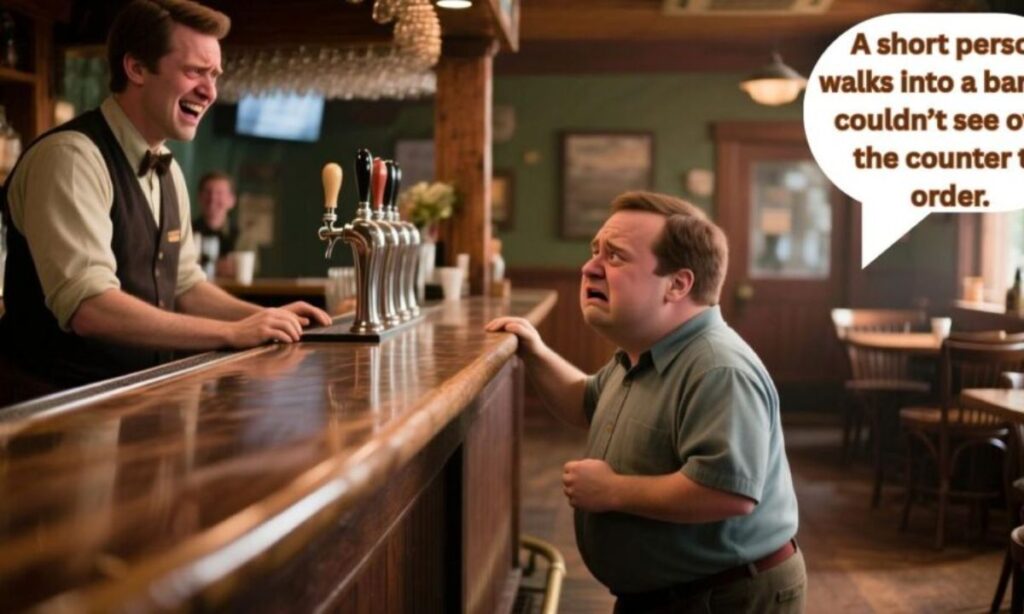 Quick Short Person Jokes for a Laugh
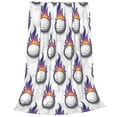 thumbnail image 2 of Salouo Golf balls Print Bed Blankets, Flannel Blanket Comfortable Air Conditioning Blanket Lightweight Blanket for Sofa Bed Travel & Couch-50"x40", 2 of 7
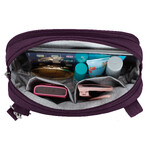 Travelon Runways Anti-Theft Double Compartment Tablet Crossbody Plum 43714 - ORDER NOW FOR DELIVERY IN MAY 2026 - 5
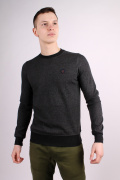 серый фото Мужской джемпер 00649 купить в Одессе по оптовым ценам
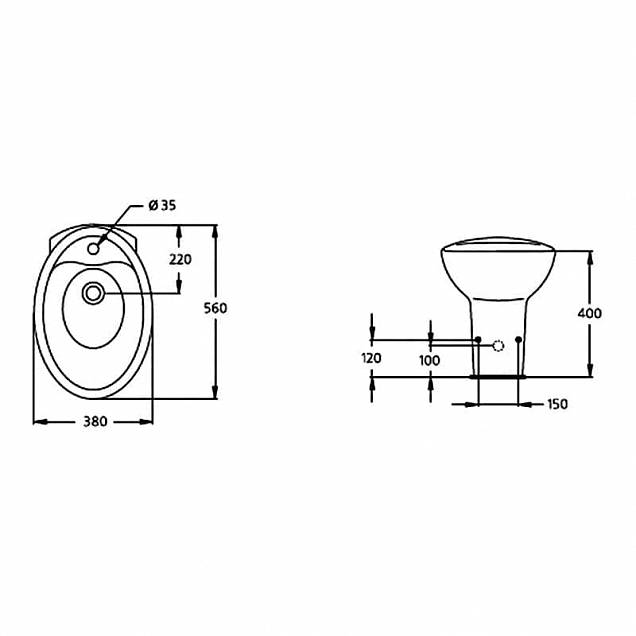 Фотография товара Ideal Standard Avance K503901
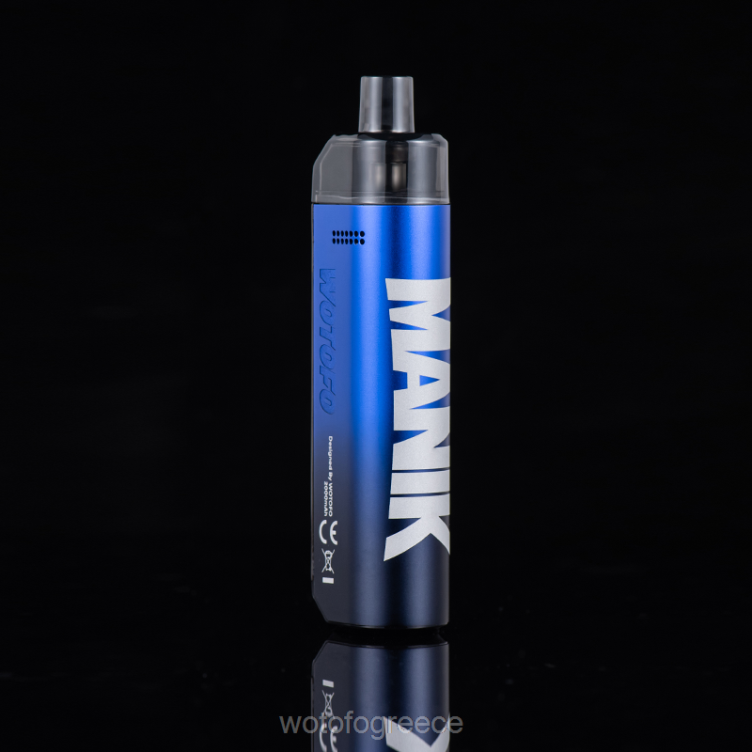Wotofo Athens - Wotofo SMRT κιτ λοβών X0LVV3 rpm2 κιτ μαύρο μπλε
○ ○ ○
## AIM OF THE EXERCISE:
From the line with "thumbnail image 2" to the last line above, restate each line word for word, but skip the pictures.

## SOLUTION FOR THIS PROBLEM:
 thumbnail image 2 of Salouo Golf balls Print Bed Blankets, Flannel Blanket Comfortable Air Conditioning Blanket Lightweight Blanket for Sofa Bed Travel & Couch-50"x40", 2 of 7
 Travelon Runways Anti-Theft Double Compartment Tablet Crossbody Plum 43714 - ORDER NOW FOR DELIVERY IN MAY 2026 - 5
 серый фото Мужской джемпер 00649 купить в Одессе по оптовым ценам
 Фотография товара Ideal Standard Avance K503901
Wotofo Athens - Wotofo SMRT κιτ λοβών X0LVV3 rpm2 κιτ μαύρο μπλε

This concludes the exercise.